**WHAT YOU SHOULD DO**.
Every line from the one containing "Wtf with players" to the end of the data below should be copied exactly, but pictures should not.

------------------------------------

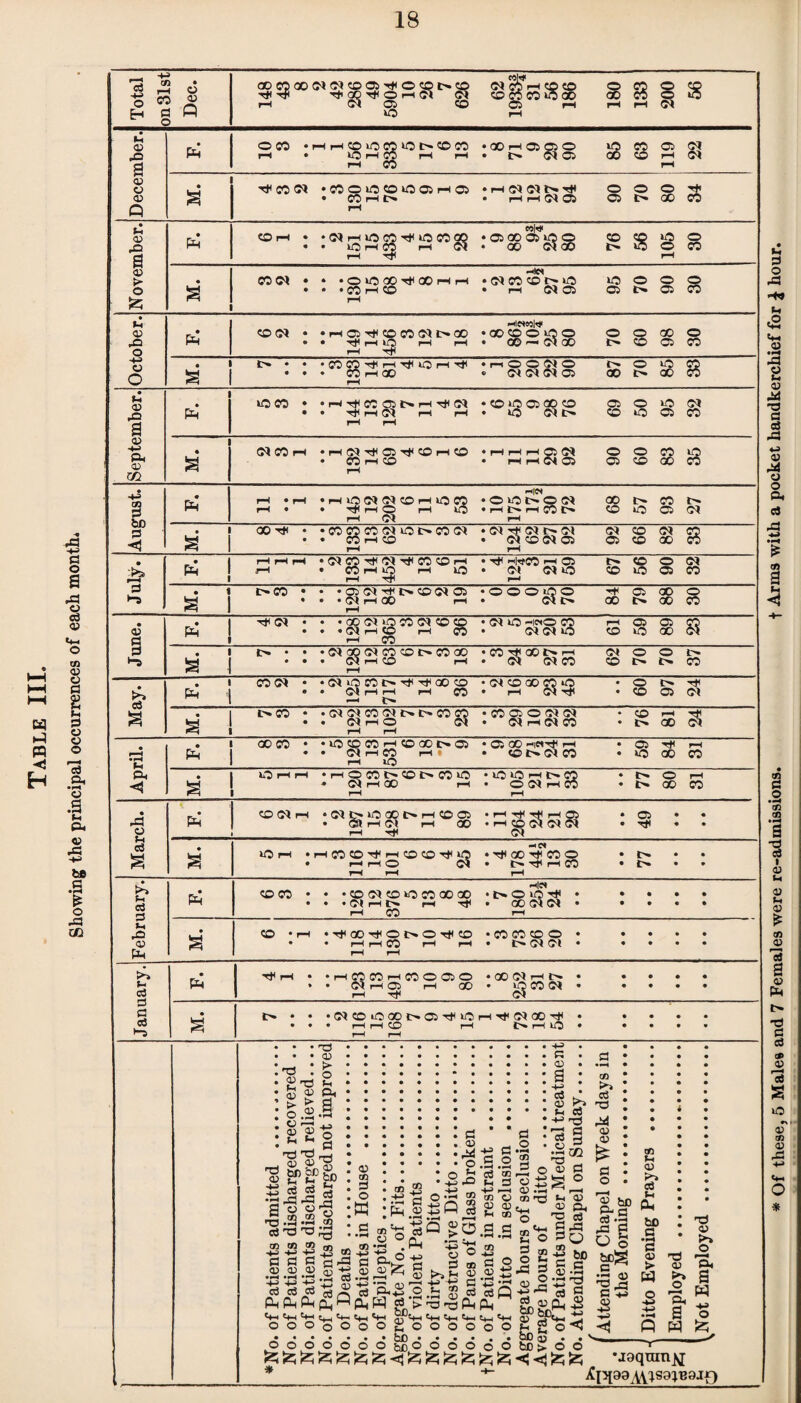 Table III. Showing the principal occurrences of each month* r-« coin M Pi s 05 05 • TjH CO <M • cooiooioanc} . rH (5^ (M bn © © © 05 • CO rH t> • rH rH O) Ci © L'* GO © Q • £4 to © 05 rO Pi COM • • •WhOC5^ lOCOQO • XO rH CO rH O • © 00 © © • 00 Cb 00 © t>. s © © a 05 -tes t> • coc* • • • © »C 00 tJH 00 rH r-H • <M CO CD t-* >j0 to © © © 0 -IMMlH1 Pi 4-^ 05 1> * * •COCO^rHT^iOrHT* • r-i © © Ob © r- © @ $ • U 1 eo CO • •rHTt^COO:i>rHTitO^ rH rH • © O © 00 © © © to Ob 2 1 <0 •*H Ph <D m • * 11 11 29 92 c? • CO rH CO © © GO • HCS 4^ pi rH • rH •rHiiOO^O^COrHlOCO • © iO t- © Ob 00 r^. © tr bo P 00 '<* • •C0C0C0<O»1-OCh.C0<M rH • Ob Ttl Ob l>. Ob rH Ob © Ob 8 HrHrH •O^CO^O^TfCOCOrH • rf( H'tCO h © t>» © © Ob Ph I r-» p • 1 !>■ CO • • • © <?< -r+H I> © c< OS ;©0©^© Hf © 00 © ►-a a • • • OI rH 0Q rH rH 00 00 © T* C* • ♦ « 00 0* 0 CO o* © © • Ob O -l«© CO rH © © p 1 rH CO p 1> • • • o*<x<o*cocot^cooo • OI rH CO rH rH • C0 ^ GO l>» rH • Ob Ob © Ob © © *s S 1 • • © © . 1 coc* • *<NOCoc^rtHTt<ao© • Ob © CD CO O • rH Ob © r>* Tt< May. Ph 1 9 • Ol rH rH rH CO —< l>» © © Ob C*» CO • • 0<O<C0O}l>.l>C0C0 . OJ rH © C>( • © © © Ob Ob © rH T* a • • Ob rHCb © Ch 00 Ob rH rH . 00 CO • •lO©>COrH©00l>Ci • © 00 rH © h* rH Pi Ph * • rH CO rH 1 rH lO • © t>» Ob CO to 00 © Ph O r-H 1—1 •rH©COt^©CHCOO •iOOhi>CO • © Ob rH CO rH © rH ◄ a * rH 00 rH rH £>. 00 © • • PNH •Ol^OGOt^rHCOC5 • rH •?)( H © © • • 05 rH Ob g3 • a O H • HC0©^rH©©T}llO rH rH © • t* 00 ^*co © tH • • • • Ht( rH © Ch • • rH rH rH >» pi CD CO • . .©(^©kOCOOOOO Hw • b> O O ^ • • 00 Ob Ob • • • • • • • Ol rH l> rH • C • rH CO rH Pi rO • CD • r-H •Hi4Q0Tt<©l>.©Tt<© • © CO CD © • • • • QJ a • • 1—1 1—1 CO rH rH • Ob Ob • • • • Ph rH rH >> • r-H • • rH CO CO H CO O 03 © • Ol rH © rH GO rH Tt< • 00 Ob rH 1H * • • P cd PH • • O © Ob • • • d d • t> * * • 03 © iO 00 © h# >0 rH Tj< (0« 00 Tt» • • • 1 cd a • • • rH rH CO rH rH r-H t>* rH uj • • * • • • <d ’ >. > a • o 03.9 ■s ni a g g| rO »*H #»H <D P'P'Pjg g 5 -2 ® « P P 0 C3 'S ® O) 2 • »—l *1-^ *h .ZL cd trt ^ P P co nj —. ppPhpl;0 V-i tw tn e«-c O O O © O « CO P O w P 113 , o fig liJ .2 -*-f s SIS •f|°IsI lf*I*f +J *3 nj ^ P .2 P<W ft £ 'S'S ®*s o 5fi P 2 ea o • H (D d cd o o o o o * e o • • fcc • o O fac® J2; <tj L_ CO .3 0) © -n %H C<-i O O ® cn o 8 9 2 a.g.s -s ® no P 2 2 .2 £ P +3 *p 03 o3 ft Ph Ph *t-i C4-1 *4-1 O O o p <u 9 oS <u *-1 „ +* © P P _ <u a 0 O' • — ^ r-l HITJ tn O Ch ^ PL. O 'Oj 30 O £■§ W> 05 Cd 0) O O O O O iz; £ £ ^ jz; §P*C;s S 2 o hD aj . . t* be > o o as >> P © CD <D £ P O 'j3 bo P. C! P M *P o _ g« *3 J§ C +n 05 4^ 9 o CO u <D P fH P* fco a *2 <u > W o -u -h> • H n TP a> fr, o 'a. 2 W Tp Cb >» O r—* p. s w HH o fc *jaqtun^j ^n88Av^s9^B9jf) * Of these, 5 Males and 7 Females were re-admissions. t Arms with a pocket handkerchief for i hour.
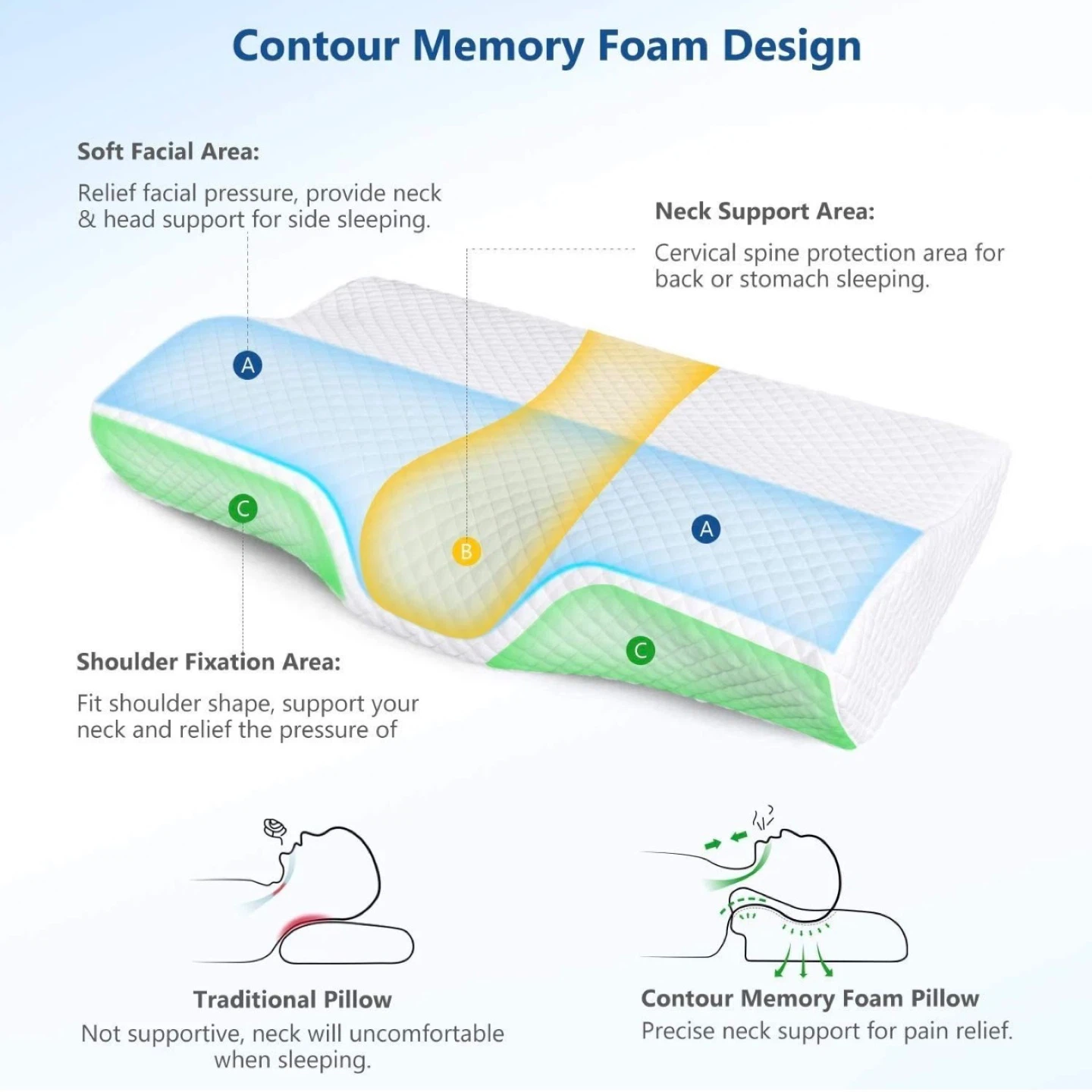 ZAMAT Contour Memory Foam Pillow - photo 2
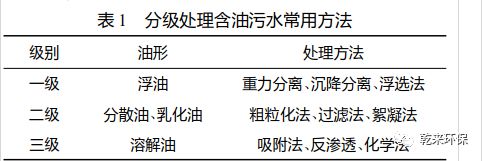 油田含油污水处理方法对比研究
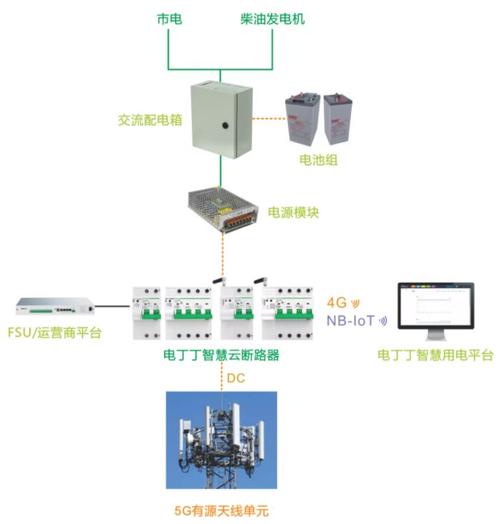 变方式、简流程 清远多举措为5G基站降用电成本(基站供电用电改造电价) 排名链接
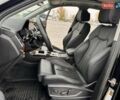 Ауди Ку 5 2023 в Киеве на Automoto.ua Черный Ауди Ку 5, объемом двигателя 1.98 л и пробегом 8 тыс. км за 39990 $, фото 19 на Automoto.ua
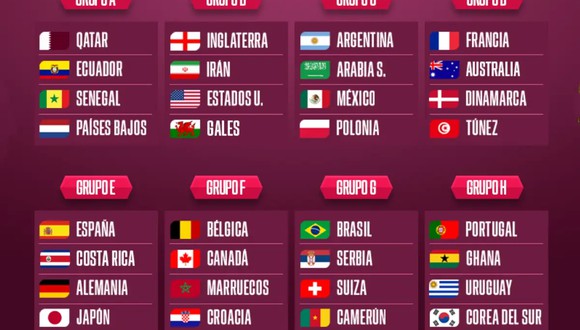 La transmisión de los 64 partidos del Mundial de Qatar 2022 estarán disponible en DirecTV Sports en Sudamérica. (Foto: Composición)
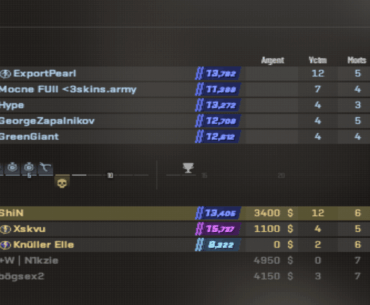 Wtf with players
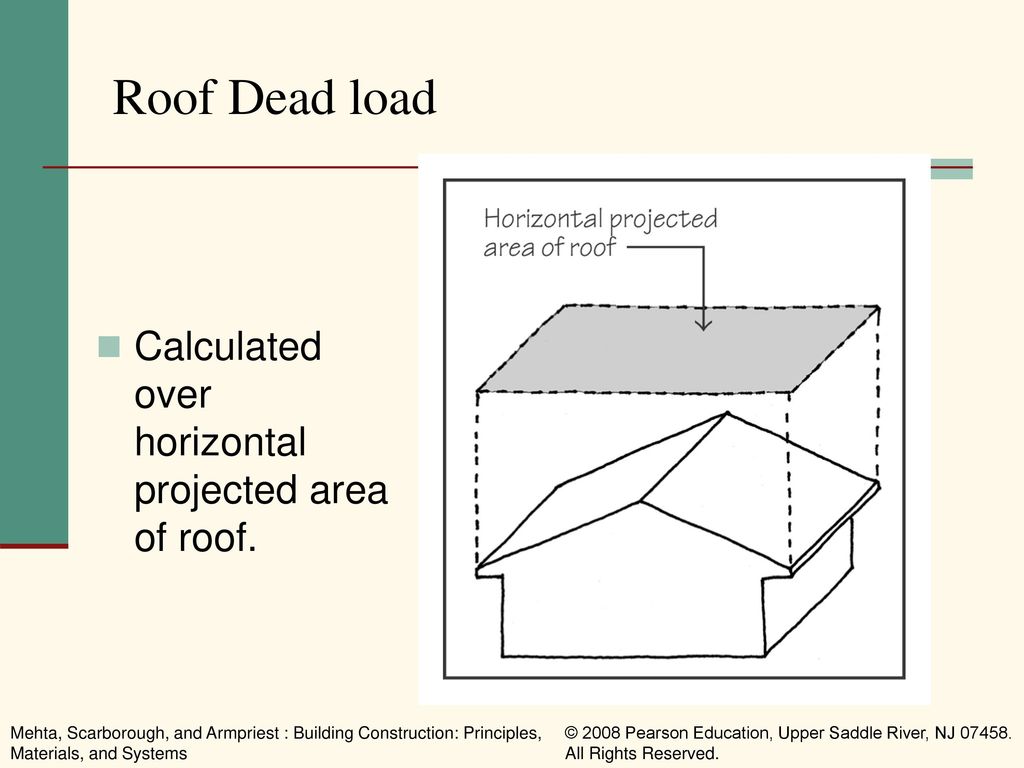 Chapter 3 Loads On Buildings Ppt Download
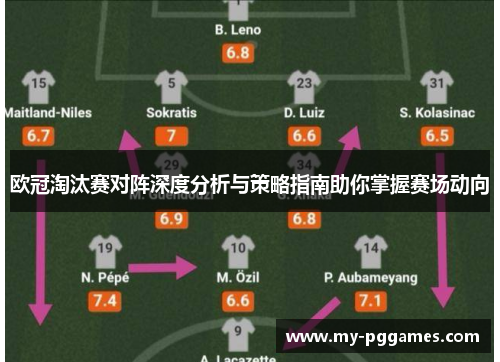 欧冠淘汰赛对阵深度分析与策略指南助你掌握赛场动向 欧冠淘汰赛对阵深度分析与策略指南助你掌握赛场动向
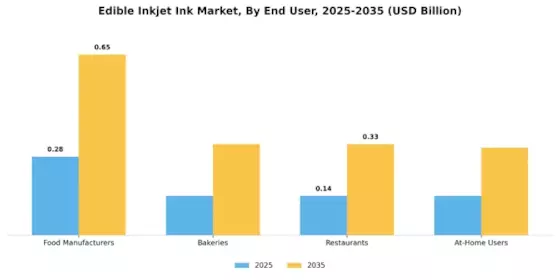 Edible Inkjet Ink Market Segment Image 4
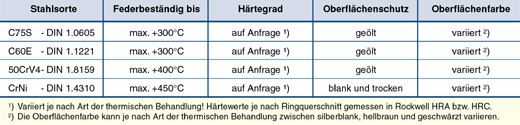 Kolbenringe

------------------------------------

**FINISHED EXERCISE**.
 Wtf with players
 Chapter 3 Loads On Buildings Ppt Download
 欧冠淘汰赛对阵深度分析与策略指南助你掌握赛场动向 欧冠淘汰赛对阵深度分析与策略指南助你掌握赛场动向
 Edible Inkjet Ink Market Segment Image 4
 Kolbenringe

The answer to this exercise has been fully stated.